*** Begin section ***
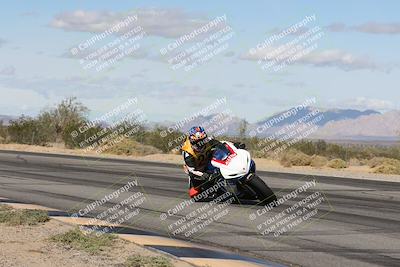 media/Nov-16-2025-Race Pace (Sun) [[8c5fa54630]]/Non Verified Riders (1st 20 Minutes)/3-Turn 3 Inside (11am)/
*** End section ***
*** Begin section ***
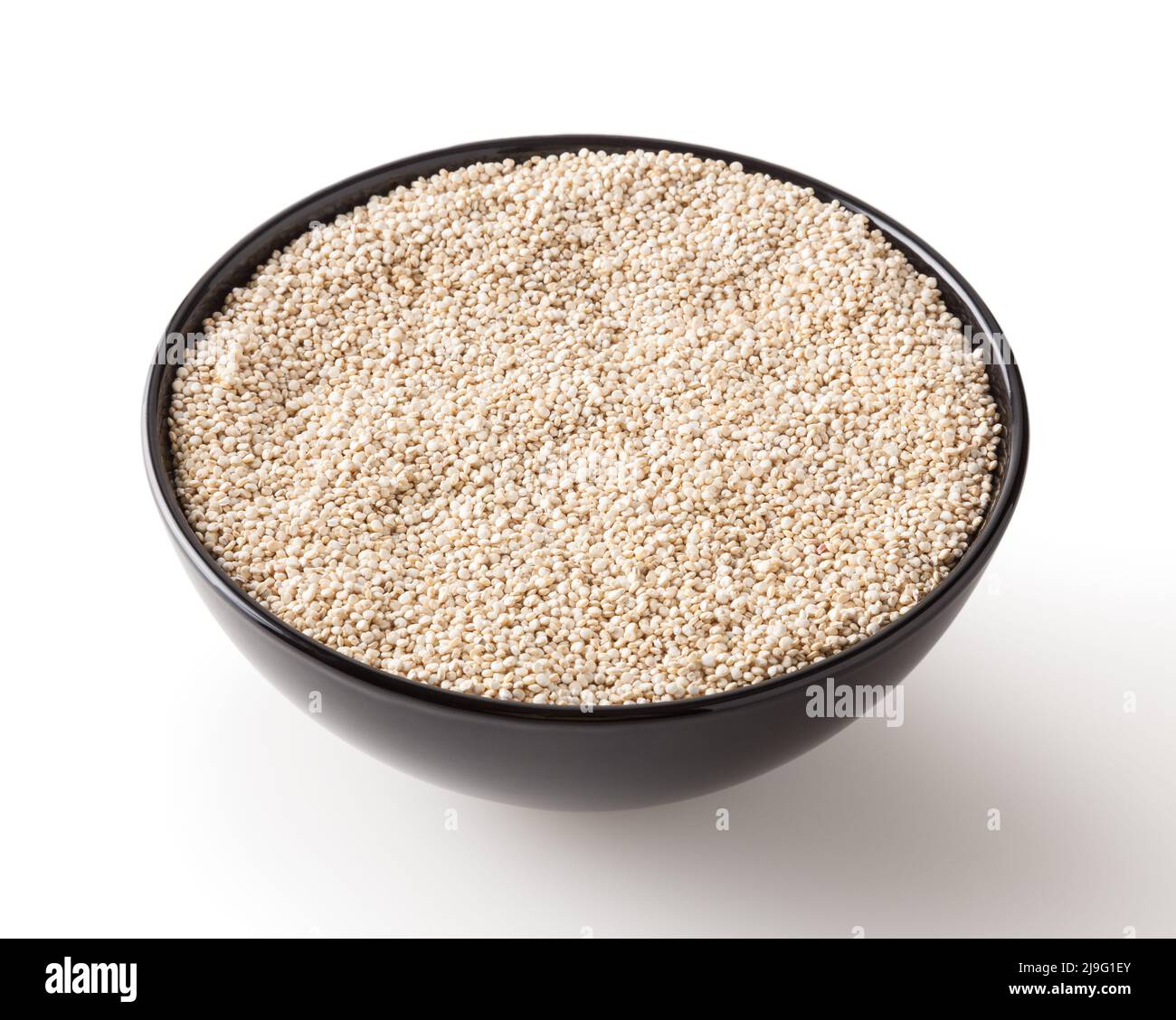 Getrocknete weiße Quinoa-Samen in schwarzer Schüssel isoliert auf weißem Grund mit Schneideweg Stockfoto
*** End section ***
*** Begin section ***
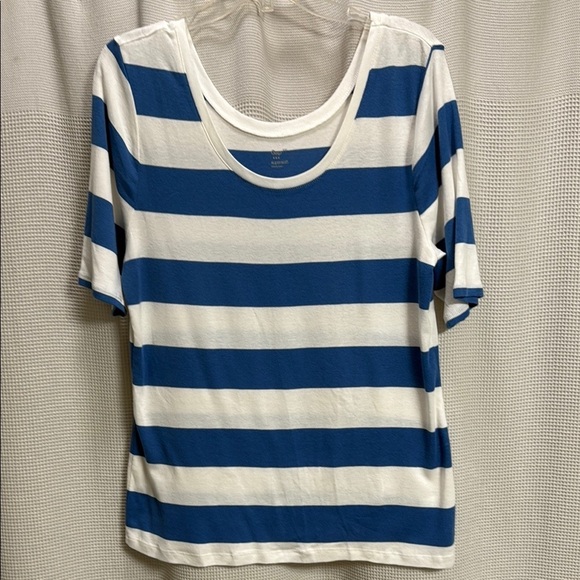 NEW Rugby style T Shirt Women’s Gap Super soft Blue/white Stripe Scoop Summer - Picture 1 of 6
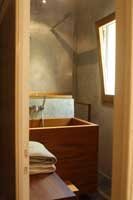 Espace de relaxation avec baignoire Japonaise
*** End section ***
* _DESCRIPTION OF THE TASK_
Would you please repeat only the lines above, beginning at the one that has "NEW Rugby style" and stopping after the one that has "Espace de relaxation", exactly and with no pictures?

* _SOLUTION TO THE EXERCISE_
 NEW Rugby style T Shirt Women’s Gap Super soft Blue/white Stripe Scoop Summer - Picture 1 of 6
 Espace de relaxation avec baignoire Japonaise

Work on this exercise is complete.